マンションが全部滅失したときの、被災区分所有法について問われています

選択肢1. 集会の招集者は、敷地共有者等に対して、書面又は電磁的方法によらずに、口頭によって招集通知を行うことができる。

正しい肢です。

 

被災区分所有法第3条第1項は、区分所有法35条第1項を準用しています。

区分所有法第35条第1項では、"集会の招集の通知は、会日より少なくとも一週間前に、会議の目的たる事項を示して、各区分所有者に発しなければならない。ただし、この期間は、規約で伸縮することができる。"と規定されていますが、その方法については特段規定がなく、書面だけでなく口頭での通知も認められています。

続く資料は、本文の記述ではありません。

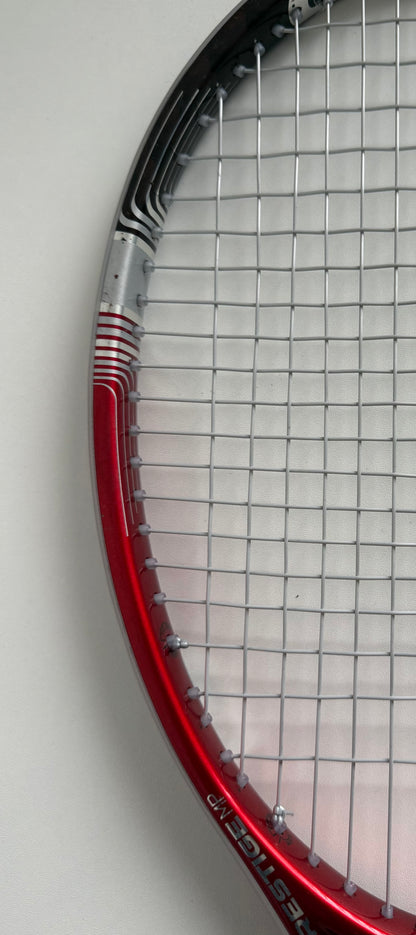 Head Youtek Prestige MP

選択肢2. 集会の招集の通知は、敷地共有者等が政令で定める災害が発生した時以後に管理者に対して通知を受けるべき場所を届け出ていた場合には、その場所に宛ててすることができる。

正しい肢です。

 

被災区分所有法第3条第1項は、区分所有法35条第3項を準用しています。

区分所有法35条第3項では、"第一項の通知は、区分所有者が管理者に対して通知を受けるべき場所を通知したときはその場所に、これを通知しなかつたときは区分所有者の所有する専有部分が所在する場所にあててすれば足りる。この場合には、同項の通知は、通常それが到達すべき時に到達したものとみなす。"と規定されています。青字部分の通り、通知は通知を受けるべき場所に宛ててすることができます

選択肢3. 滅失した区分所有建物の専有部分を区分所有者の承諾を得て占有していた者は、集会に出席して意見を述べることができる。

誤った肢です。

 

区分所有法第44条第1項では、確かに"区分所有者の承諾を得て専有部分を占有する者は、会議の目的たる事項につき利害関係を有する場合には、集会に出席して意見を述べることができる。"との規定があります。

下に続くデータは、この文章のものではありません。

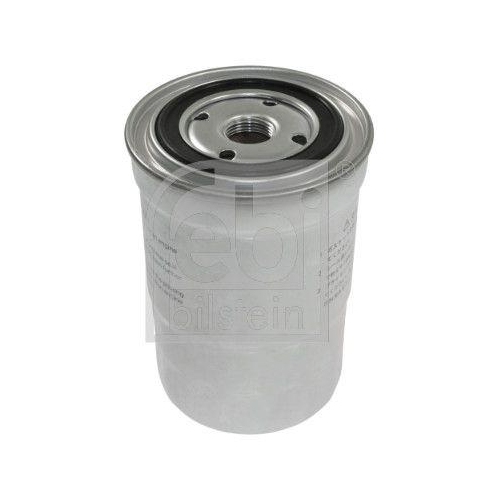 FEBI BILSTEIN Kraftstofffilter 184464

しかし、被災区分所有法第3条1項では、区分所有法第44条第1項を準用していないため、誤りとなります。

選択肢4. 区分所有建物の全部が滅失した後の敷地を保存し、及び集会の決議を実行するため、集会の決議によって、管理者を選任することができる。

正しい肢です。

 

被災区分所有法第2条では、"大規模な火災、震災その他の災害で政令で定めるものにより建物の区分所有等に関する法律(昭和三十七年法律第六十九号。以下「区分所有法」という。)第二条第三項に規定する専有部分が属する一棟の建物(以下「区分所有建物」という。)の全部が滅失した場合(その災害により区分所有建物の一部が滅失した場合(区分所有法第六十一条第一項本文に規定する場合を除く。以下同じ。)において、当該区分所有建物が第十一条第一項の決議又は区分所有者(区分所有法第二条第二項に規定する区分所有者をいう。以下同じ。)全員の同意に基づき取り壊されたときを含む。)において、その建物に係る敷地利用権(区分所有法第二条第六項に規定する敷地利用権をいう。以下同じ。)が数人で有する所有権その他の権利であったときは、その権利(以下「敷地共有持分等」という。)を有する者(以下「敷地共有者等」という。)は、その政令の施行の日から起算して三年が経過する日までの間は、この法律の定めるところにより、集会を開き、及び管理者を置くことができる。"と規定されています。

 

長い条文ですが、青字部分のとおり正しい肢となります。

まとめ

問題文に「区分所有建物の全部が滅失した場合」とあります。そのような状況で専有部分の占有者に何の利害関係があるのかという観点から正答(この問題の場合は誤まった肢)を導き出せると思います。